I'm not asking for a blueprint, just hoping someone can direct me to some serious thought on the subject.

I could probably direct you towards to hundreds of different anarchists, libertarians, autonomists and left communists who've written at length about what they would mean by a democratic society, ranging from the most hippyish dross to the most rigid idea of anarchy imaginable. All of them probably of less use than looking at all the different ways people have organised themselves democratically in their day-to-day (both in struggle and for fun), or looking at the brief moments in human history when more democratic ways of organising society have managed to carve out a space before getting crushed.
 
I'll be voting for nobody. I'd rather cut off my balls and bathe them in vinegar than spend time giving parliamentary democracy my mandate.

But by not voting you're giving them other people's choice of mandate. Is that really better?

If there was a realistic 'none of the above' option then I, along with I suspect a lot of other people, would be choosing it, but your option is an 'I'm happy for other people to choose' vote, whatever you might intend.
 
But by not voting you're giving them other people's choice of mandate. Is that really better?

If there was a realistic 'none of the above' option then I, along with I suspect a lot of other people, would be choosing it, but your option is an 'I'm happy for other people to choose' vote, whatever you might intend.
I think you'll find it's the other way around.
 
I could probably direct you towards to hundreds of different anarchists, libertarians, autonomists and left communists who've written at length about what they would mean by a democratic society, ranging from the most hippyish dross to the most rigid idea of anarchy imaginable. All of them probably of less use than looking at all the different ways people have organised themselves democratically in their day-to-day (both in struggle and for fun), or looking at the brief moments in human history when more democratic ways of organising society have managed to carve out a space before getting crushed.
I'm sure you could. I've seen loads of idealistic and unworkable theories. I am sure there are many more. Perhaps you could share your workable theory or at least the theory of someone you rate as worth taking seriously.
 
I'm sure you could. I've seen loads of idealistic and unworkable theories. I am sure there are many more. Perhaps you could share your workable theory or at least the theory of someone you rate as worth taking seriously.
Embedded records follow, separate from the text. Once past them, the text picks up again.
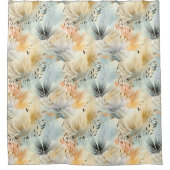 Aquarellblau-Pfirsichgelb-Pfirsichgelb-Frühling Duschvorhang (Vorderseite)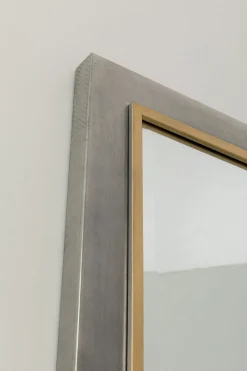 Lustro Do Salonu Duże Rama Stalowa Srebrno-złota Postarzana 90x180 Cm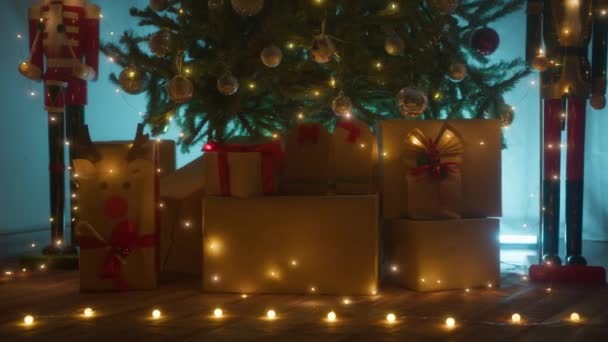 Χριστουγεννιάτικα Δώρα Φόντο Χριστουγεννιάτικου Δέντρου — Αρχείο Βίντεο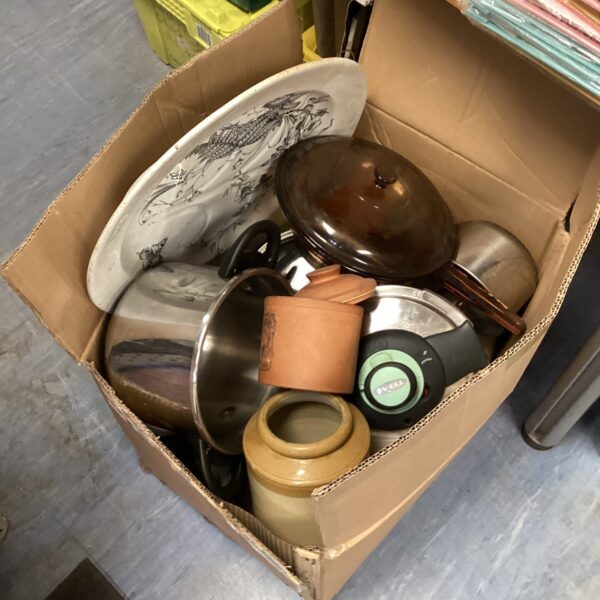 Vintage cooking pots and pans lot in a cardboard box.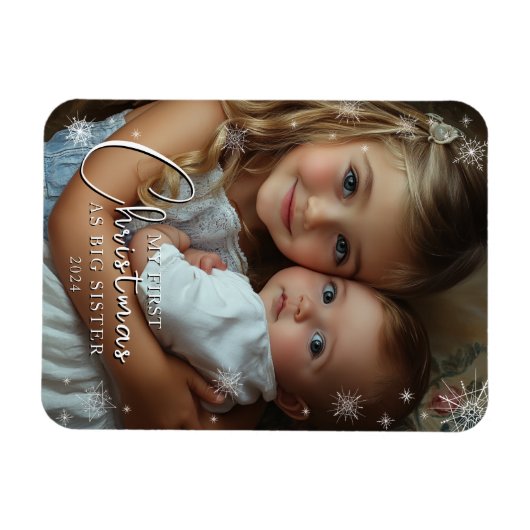 Eerste kerst als grote zusterfoto magneet (Horizontaal)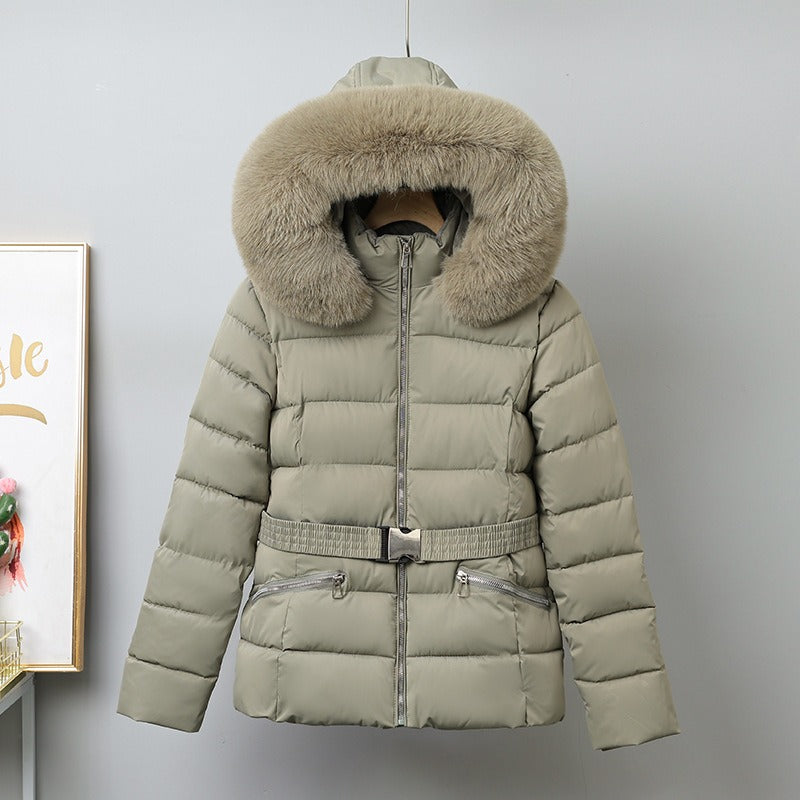 Women’s Puffer Coat - Quilted Fabric - Hip Length - Belted Waist - Removable Fur Hood
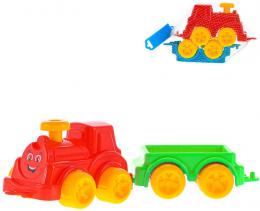 Baby vlek barevn set lokomotiva + vagn s obliejem 2 barvy plast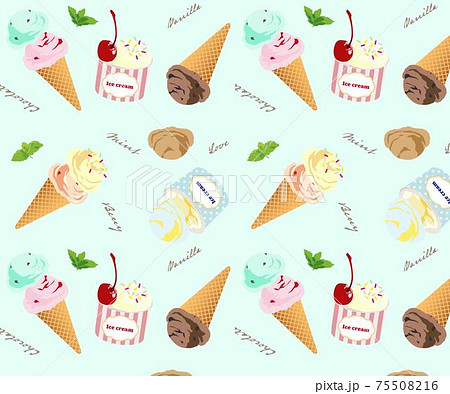 アイス アイスクリーム シームレスパターン 柄 夏 スウォッチのイラスト素材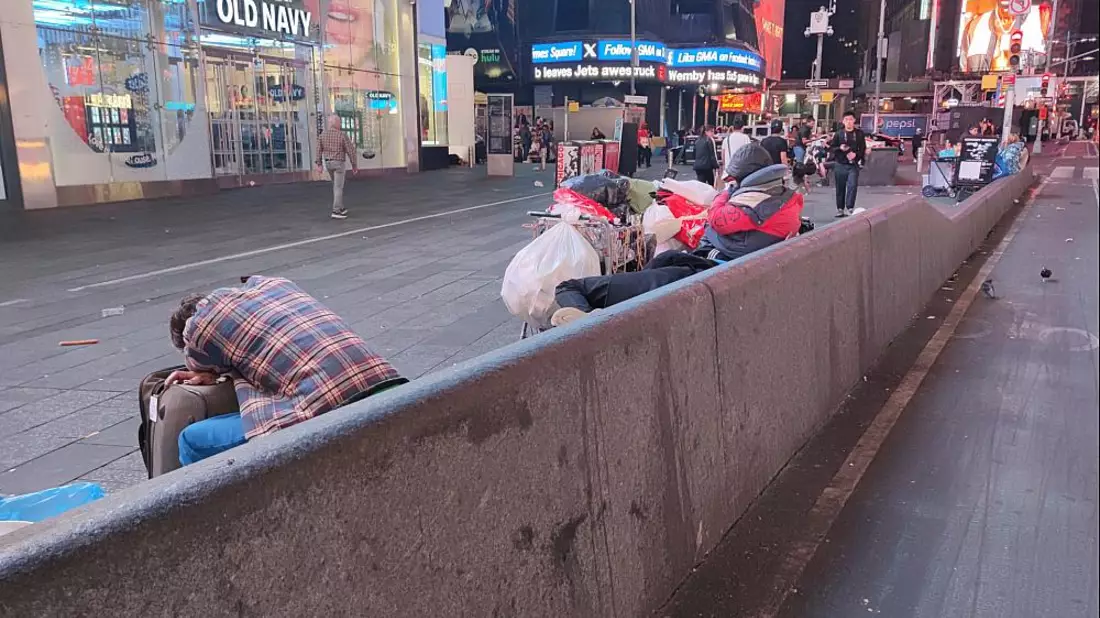 Obdachlose in den USA am Times Square - Bild: über dts Nachrichtenagentur
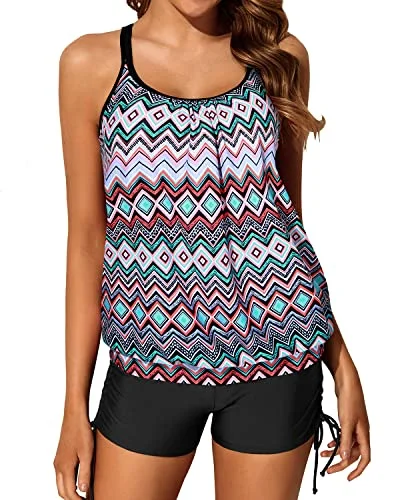 Sporty Women's Blouson Tankini Swimsuit Criss Cross Back Boy Shorts-Black Tribal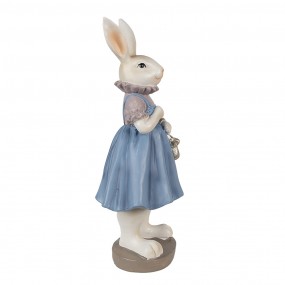 26PR4016 Figurine Rabbit 12x10x27 cm Beige Blue Polyresin Easter Decoration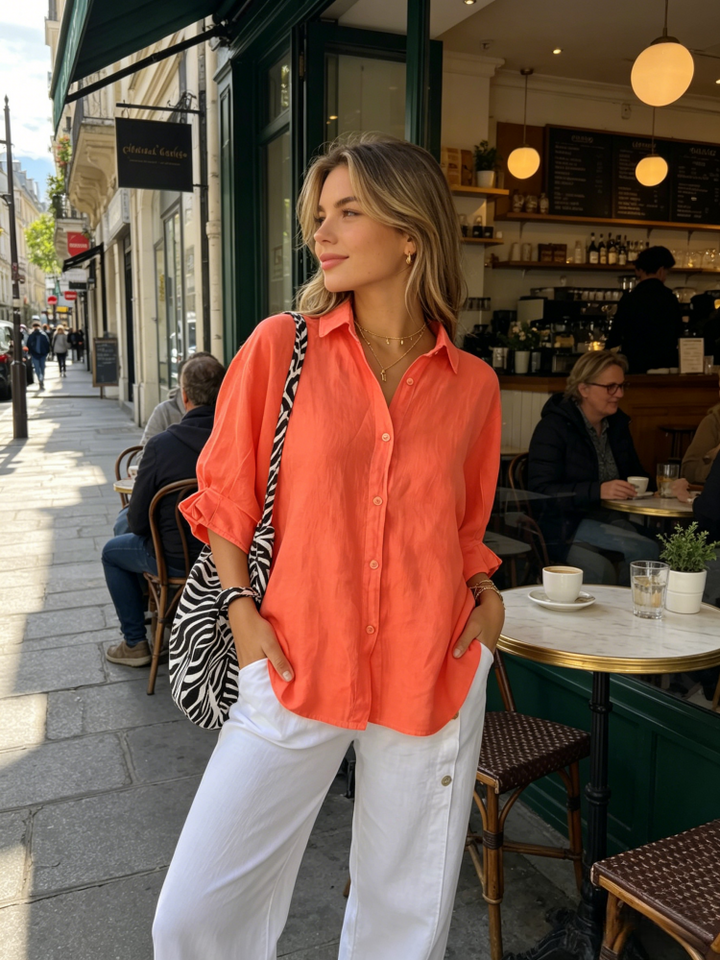 Linen Blend Oversized Button-Down Shirt - Breathable, Multiple Colors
Any picture of a theoretical future society is inevitably going to be utopian, is it not? Ideas are useful if they help you understand, engage with and change the society in which we live in now.
 
Any picture of a theoretical future society is inevitably going to be utopian, is it not? Ideas are useful if they help you understand, engage with and change the society in which we live in now.
I don't know about you but I'm guessing most people want to live in a society where they are safe from marauders wanting their houses or crops, or even their bicycles, where their health needs can be met and their children educated, where they are respected rather than randomly imprisoned, and so on. I do understand that there will be transitional difficulties (understatement) before we reach this utopia but it would be good to know what I'm signing up to if I'm rejecting parliamentary democracy, and how soon.
 
At each election the same stuff is said and then there's the count and all the collective millions of non votes make no difference whatsoever. And then everyone talks about something else till the next time.

Do you think everyone will just talk about something else till the next time this time?
 
I'm sure it's been mentioned elsewhere in the thread but...
Voting = I accept that this is how we choose governments. Therefore everybody else's choice of mandate is exactly what you're accepting.
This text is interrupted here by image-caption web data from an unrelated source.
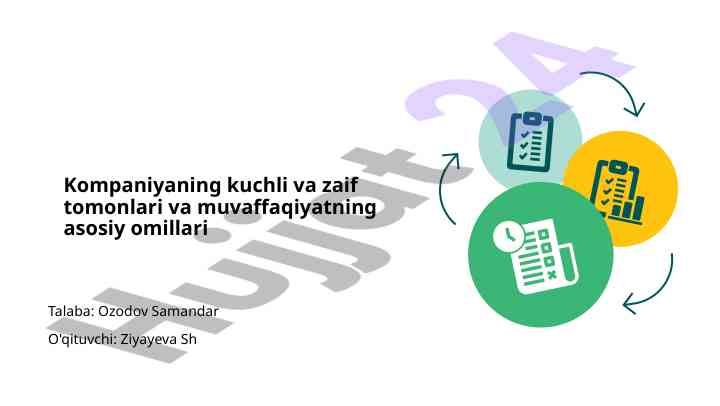 Kompaniyaning kuchli va zaif tomonlari tahlili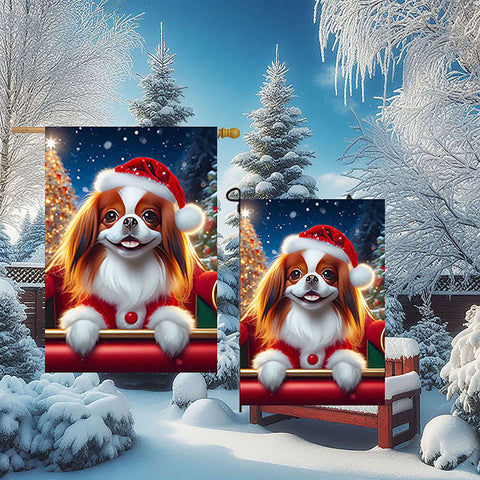 Japanese Chin Red and White -  Best of Breed DCR Christmas Outdoor House and Garden Flag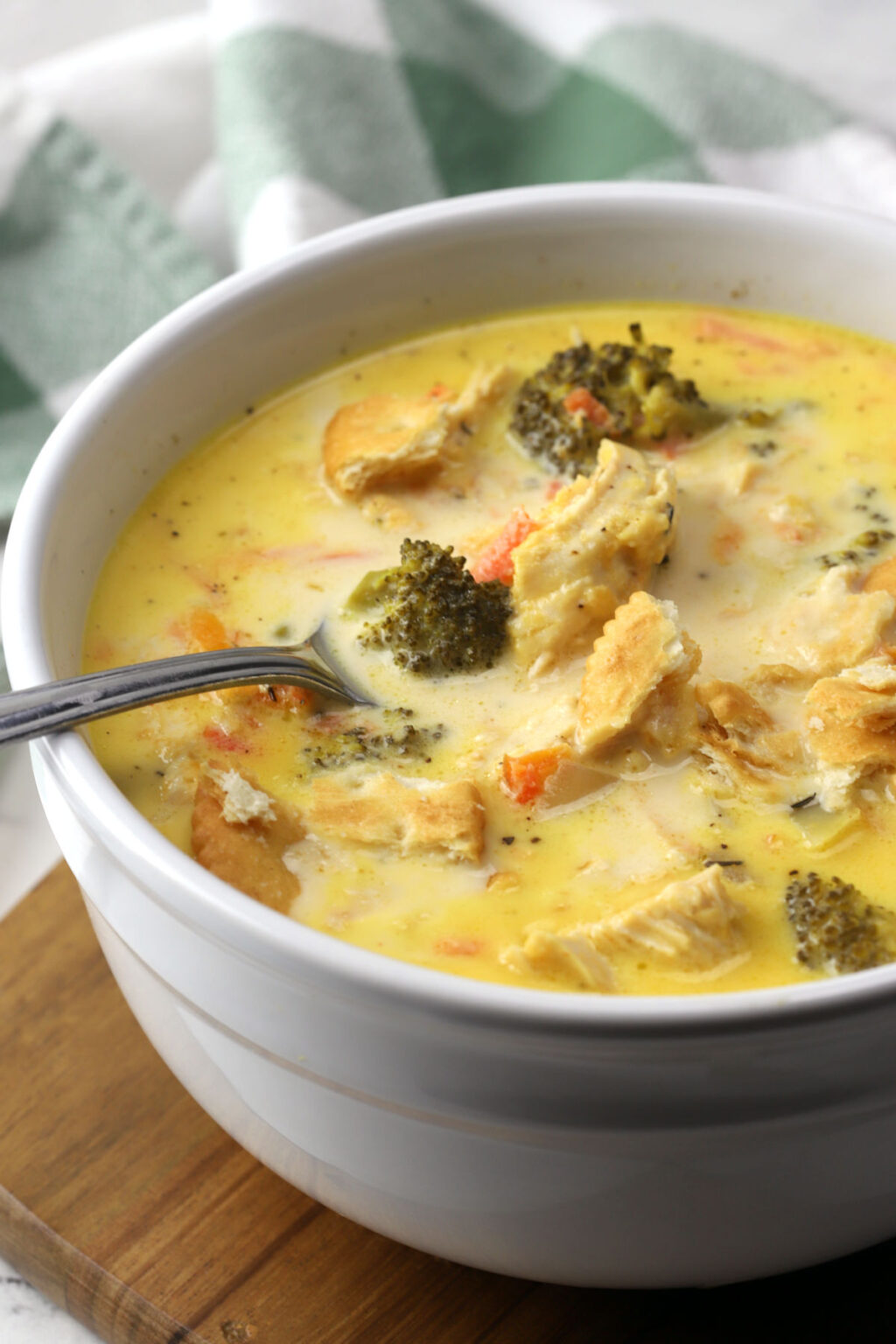 Slow Cooker Chicken Broccoli Cheese Soup - The Toasty Kitchen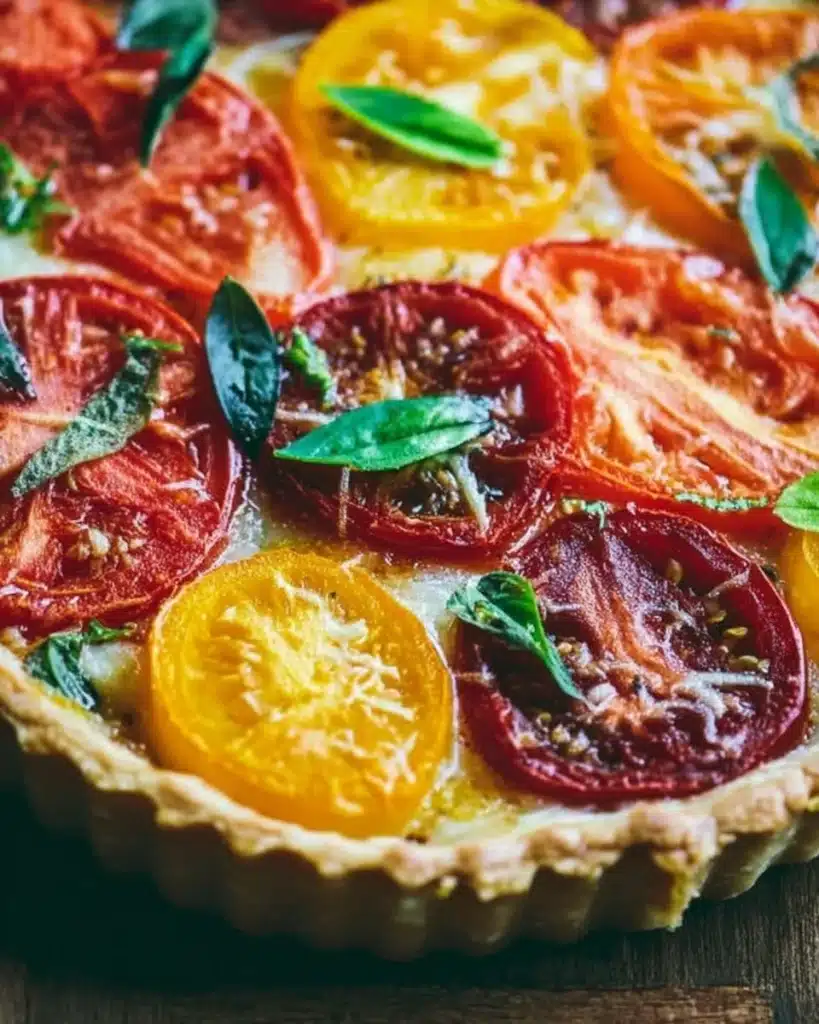 Delicious homemade tomato tart with fresh tomatoes and herbs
Yes, I see your point. But is not voting any useful way of saying the opposite? Perhaps we need a movement to support the idea of say drawing a spunking cock on the ballot paper means 'we reject this system'. Get the media behind it (and they'll love it) and the authorities won't be able to hide the number in the 'spoilt' ballots. This would have to trigger a proper debate about reforming the wretched system we have.

We might have to choose sonething a little family-friendlier than a spunking cock.
 
Yes, I see your point. But is not voting any useful way of saying the opposite? Perhaps we need a movement to support the idea of say drawing a spunking cock on the ballot paper means 'we reject this system'. Get the media behind it (and they'll love it) and the authorities won't be able to hide the number in the 'spoilt' ballots. This would have to trigger a proper debate about reforming the wretched system we have.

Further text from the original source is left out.